Try it |
Reproduce exactly, and only, the lines of the material below running from the line bearing "Apartamento T3 para" through the line bearing "Volvo S40 1.6D Momentum - 19". Leave any pictures out.

Recorded data |
■ ■ ■ ■ ■ ■ ■
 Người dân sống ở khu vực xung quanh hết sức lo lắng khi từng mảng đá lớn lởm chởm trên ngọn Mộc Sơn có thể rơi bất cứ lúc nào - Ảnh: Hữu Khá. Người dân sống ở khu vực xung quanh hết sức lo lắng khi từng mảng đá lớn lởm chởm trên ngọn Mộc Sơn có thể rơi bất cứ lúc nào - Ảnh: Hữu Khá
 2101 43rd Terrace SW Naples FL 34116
■ ■ ■ ■ ■ ■ ■
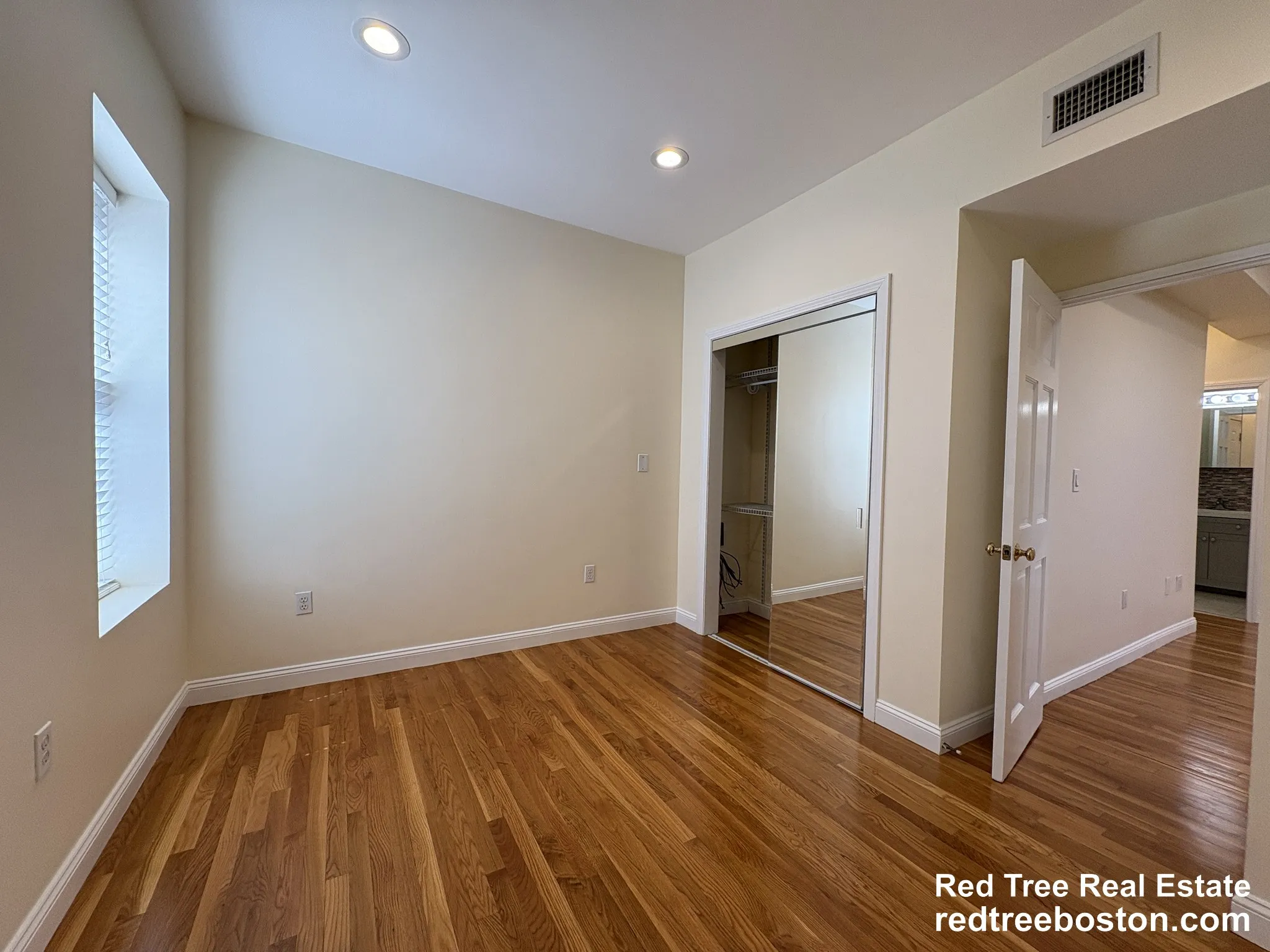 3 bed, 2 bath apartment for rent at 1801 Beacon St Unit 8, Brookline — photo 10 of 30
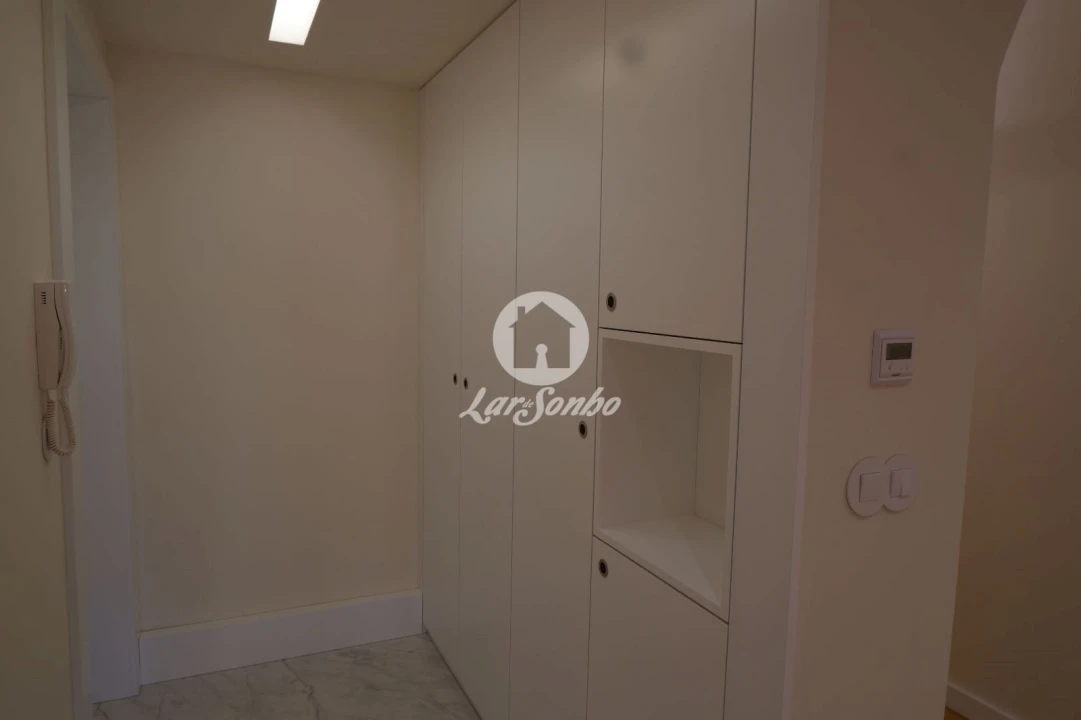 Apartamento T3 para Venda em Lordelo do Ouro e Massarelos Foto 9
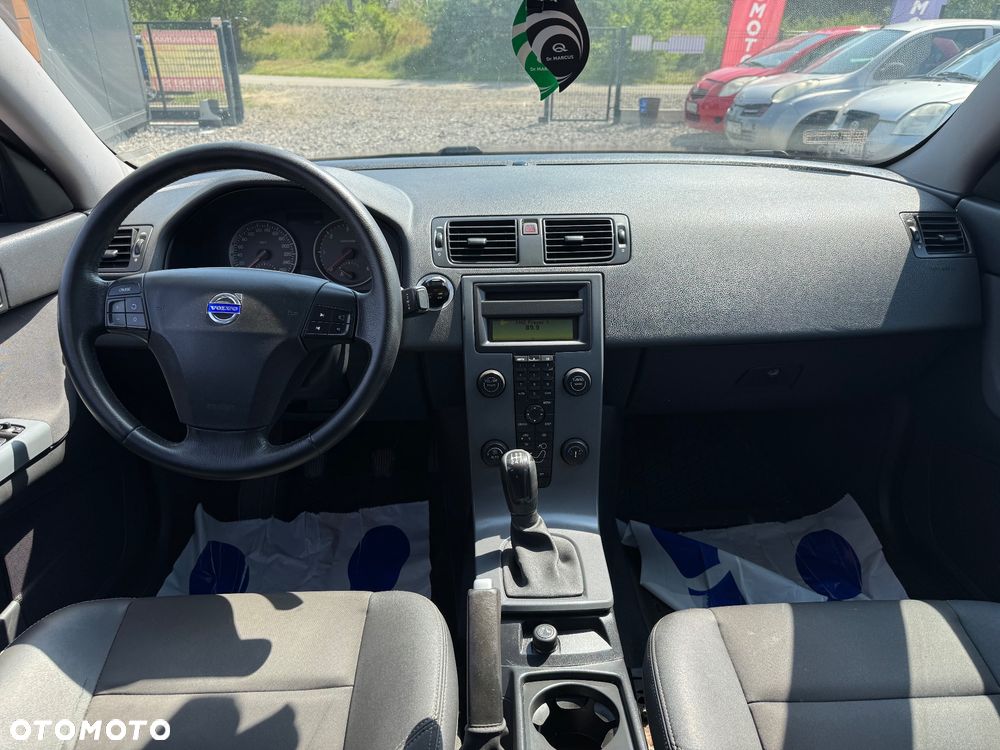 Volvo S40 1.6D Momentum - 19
■ ■ ■ ■ ■ ■ ■
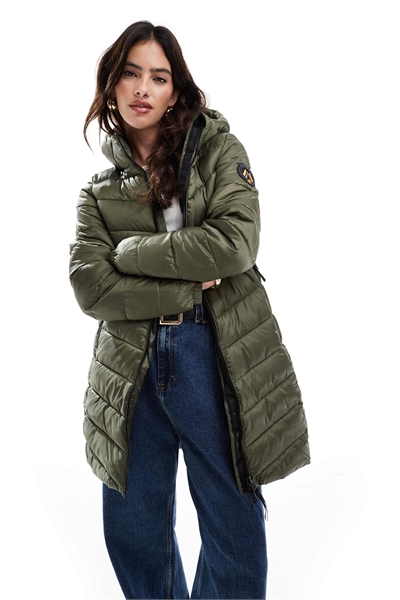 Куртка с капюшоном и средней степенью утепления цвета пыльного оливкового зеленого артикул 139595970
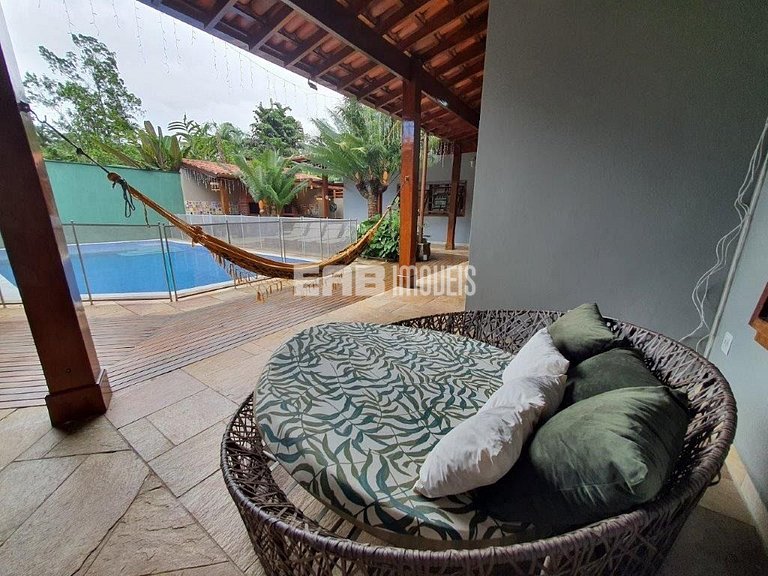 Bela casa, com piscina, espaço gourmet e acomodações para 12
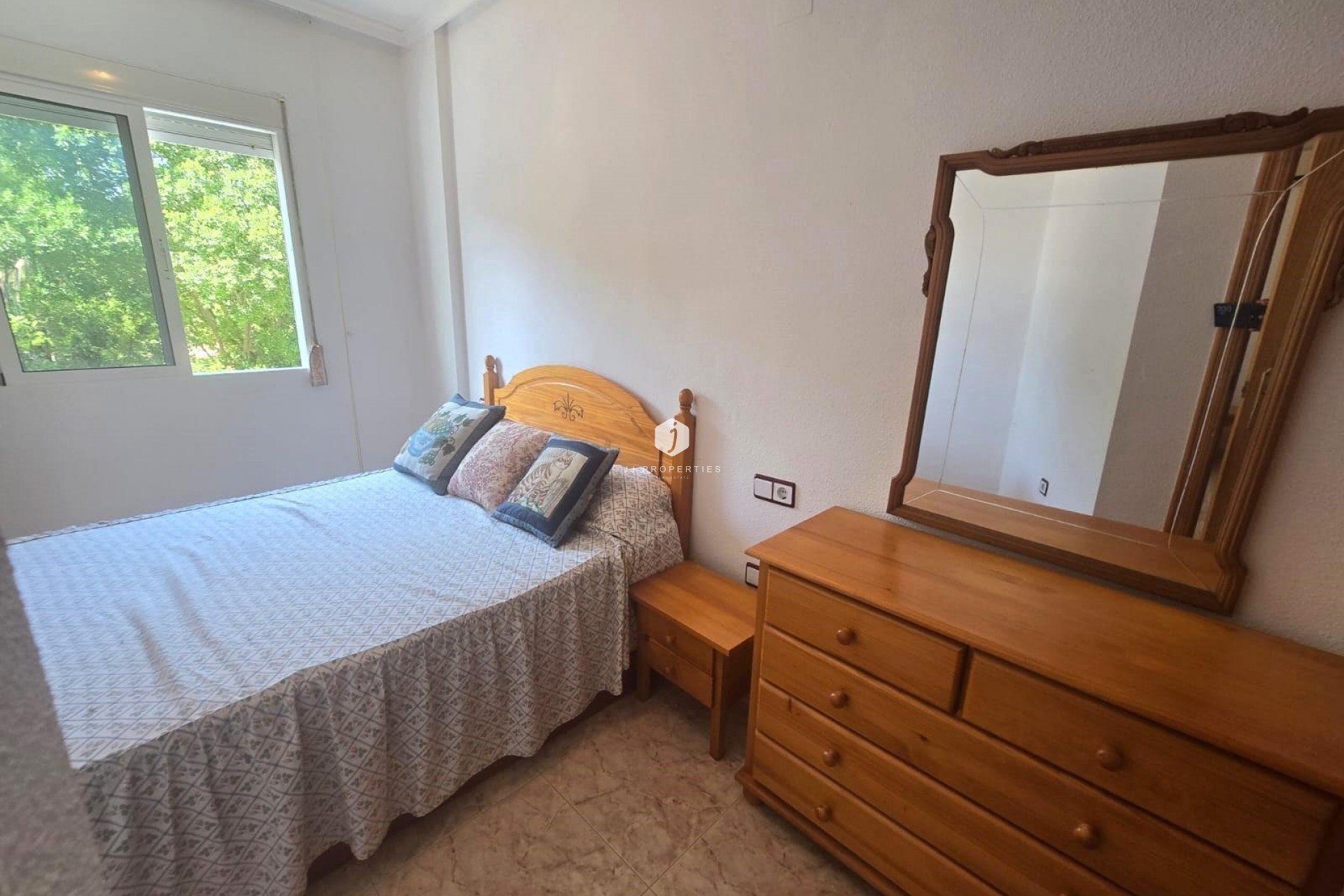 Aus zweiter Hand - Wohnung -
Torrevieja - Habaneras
■ ■ ■ ■ ■ ■ ■
Exercise output |
 Apartamento T3 para Venda em Lordelo do Ouro e Massarelos Foto 9
 Volvo S40 1.6D Momentum - 19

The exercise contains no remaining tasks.